Since the 1920s, sev­er­al oth­er ways of esti­mat­ing the uni­verse’s age have been devised. One of them uses the cool­ing rate of white dwarf stars, the slow­ly fad­ing embers of stars that are no longer pro­duc­ing ener­gy. Anoth­er method relies upon the mea­sured abun­dances of radioac­tive tho­ri­um in the atmos­pheres of ancient stars, a vari­a­tion of the car­bon-14 “clock” used by arche­ol­o­gists on Earth. All of the meth­ods con­verge on an age for the uni­verse some­where between 10 and 16 bil­lion years.

Most recent­ly, an inter­na­tion­al team of astronomers work­ing at the Euro­pean South­ern Obser­va­to­ry in Chile dis­cov­ered the sig­na­ture of two dif­fer­ent radioac­tive ele­ments, tho­ri­um and ura­ni­um, in the spec­trum of a star called CS31082-001. The pres­ence of two “clocks,” start­ed at the same time and run­ning at dif­fer­ent rates, sharp­ens the esti­mate of when the radioac­tive ele­ments were cre­at­ed, pre­sum­ably in super­no­va explo­sions ear­ly in the uni­verse’s history.

The age of the radioac­tive ele­ments, accord­ing to this new study, is 12.5 bil­lion years, plus or minus 3.3 bil­lion years — agree­ably con­sis­tent with ear­li­er estimates.

Sure­ly, it would be nice to know the uni­verse’s age more accu­rate­ly, and that will hap­pen as tele­scopes get big­ger and bet­ter. But what is amaz­ing is that we can know the age at all.

A human life­time is almost unimag­in­ably brief com­pared to the age of the uni­verse. Imag­ine a human life­time to be rep­re­sent­ed by the thick­ness of a sin­gle play­ing card. Then the age of the uni­verse is a pile of cards 35 miles high, the dis­tance from Boston to Prov­i­dence. Hold a play­ing card between your thumb and fore­fin­ger and con­sid­er the long dri­ve between the two cities and you will begin to under­stand the dif­fer­ence between human time and cos­mic time.

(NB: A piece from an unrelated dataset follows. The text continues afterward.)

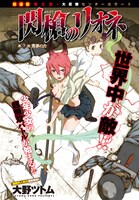月刊チャンピオンRED11月号に掲載されている、大野ツトム「閃槍のリオネ」の扉ページ。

Or think of it this way. A lucky mayfly might live for an hour. By anal­o­gy with a human life­time and the age of the uni­verse, it is as if mayflies, in their brief fling of a sum­mer’s evening, were able to fig­ure out what was hap­pen­ing on Earth 25,000 years ago.

Not bad. As a species, we can take con­sid­er­able pride that with­in a human life­time we have gar­nered a robust pic­ture of how the uni­verse began, and made an increas­ing­ly sat­is­fy­ing guess for when it happened.